Give us today our bread for today.
And forgive us our wrongs as we forgive those who wrong us.

Lead us away from the time of trial.
But liberate us from the evil.

For the kingdom is yours and yours alone,
And the power is yours and yours alone,
And the glory is yours and yours alone.
Amen.

Saturday, September 06, 2008

Blogging

I have been blogging for two years now and have posted over 120 blogs, over 40 this year alone. The medium gives me a good opportunity to reflect, organize my thoughts, and seek feedback from anyone who might be interested. Responses come occasionally and often from unexpected places. Recently I was involved in a conversation about blogs with a couple of colleagues. One was talking about how much time it took to do his blog and how he researched it very carefully. The other talked about the way he put his together and the joy he received form doing it. This started me thinking about different kinds of blogs and the approaches that individuals take to their blogs.

First, there are the “rants.” These are written by folks who just want to complain, attack, or get something off their chests. Some of these have been used in church conflict situations to further the cause of one side of the other. I don’t follow any of that type of blog. I can do my own rants!

Second, some blogs are more like journals where people reflect on their experiences and invite feedback. This is what I try to do in Barnabas File. It is not profound or well-researched (although I do try to be accurate in naming names and events), and simply shares my responses to life from my own perspective. Similar blogs are those written by my friends Danny Chisholm (http://dannychisholm.wordpress.com/feed/), Beth Bordeaux (http://gtmeval.blogspot.com/feeds/posts/default) and Rodney Wilson (http://feeds.feedburner.com/GetARoom?format=xml). They are a “slice of life” with a personal point of view.
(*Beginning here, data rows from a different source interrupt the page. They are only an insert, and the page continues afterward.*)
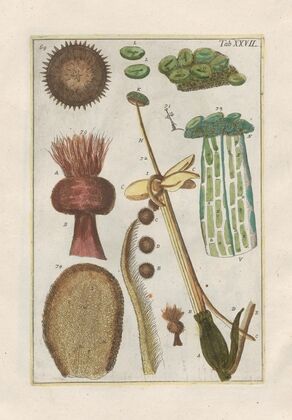 Rerum naturalium historia nempe quadrupedum Pl.27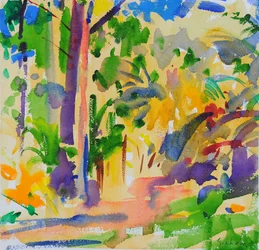 Maui Rainforest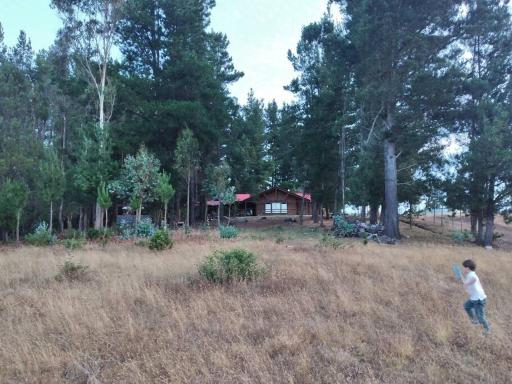 Casa en hermosa parcela a 40 minutos de Concepcion - Housity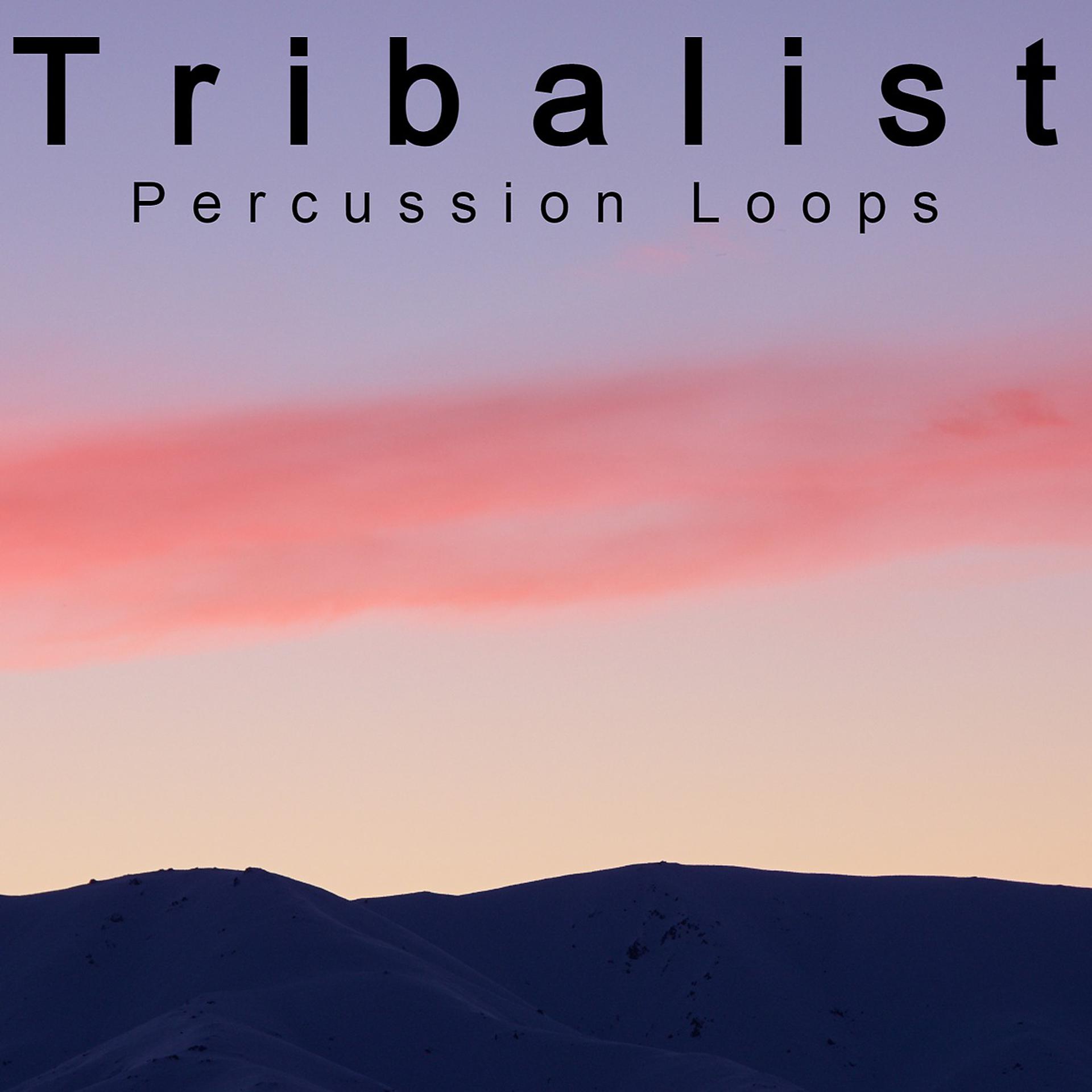 Постер альбома Percussion Loops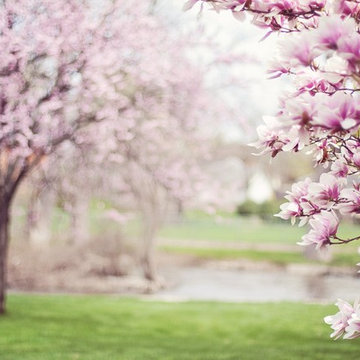 Milford, CT - Spring Landscaping & Lawn Care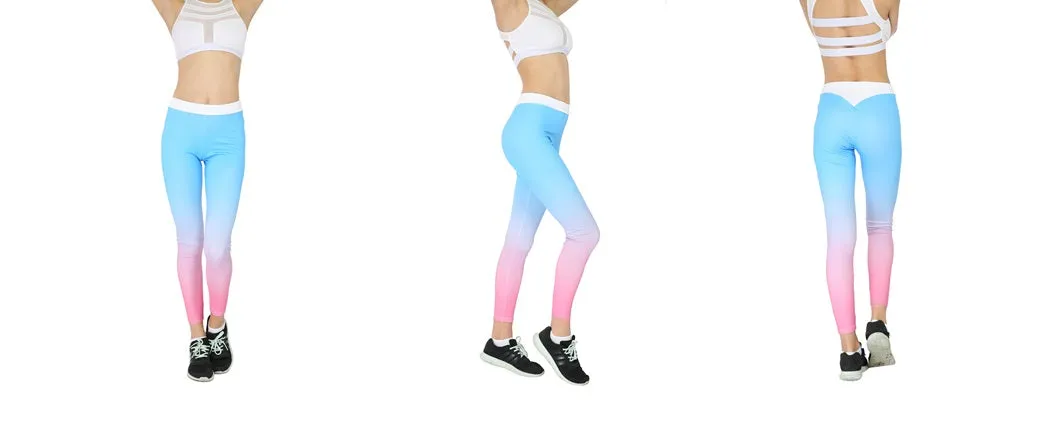 Leggings Active Sports  (FAB-19130)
Third, there are the informative blogs where the author shares from his or her expertise. One of the best of these is NTStudies (http://ntstudies.wordpress.com/feed/) written by David May, a professor of New Testament at Central Seminary. David speaks out of his expertise and passion in a particular field. It is well thought out, informative, and useful.

Fourth, there are blogs that are done by a group of people, usually as part of some organization to further the goals of the group. Cooperative Baptist Fellowship has a blog called The Fellowship Portal (http://cbfportal.wordpress.com/) that features comments from a number of contributors.
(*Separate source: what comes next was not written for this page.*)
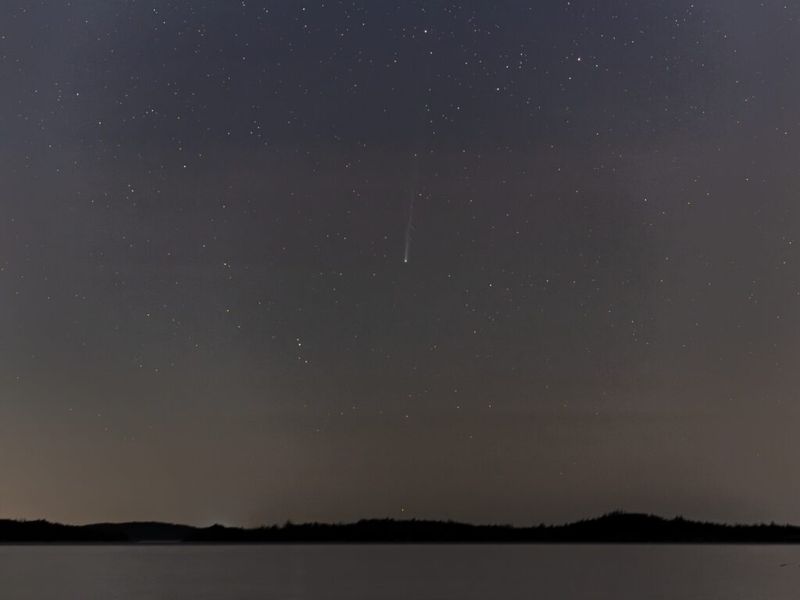 Cometa P1 Nishimura capturado por Barry Burgess desde el Parque Provincial Taylor Head, Nueva Escocia, Canadá, el 8 de septiembre de 2023. Equipo: Cámara Canon EOS 6D DSLR, Rokinon 135mm f2.0lands, marca Sears 200mm f3.5.  lente, trípode Berlebach, cabezal de engranaje Manfrotto, Sky-Watcher Star Adventurer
Fifth, there are dialogical blogs where two or more folks are discussing a topic and allow us to listen in on the dialogue. A good example is Mount and Mountain (http://mountandmountain.blogspot.com/feeds/posts/default) where Mike Smith, a Baptist pastor, and Rami Shapiro, a Jewish rabbi, are involved in a dialogue on the Ten Commandments and the Sermon the Mount from their respective traditions.

Blogs offer a unique opportunity to connect with people in an interesting and informative way. You may have other examples than the ones I have cited. I would be interested in hearing about them.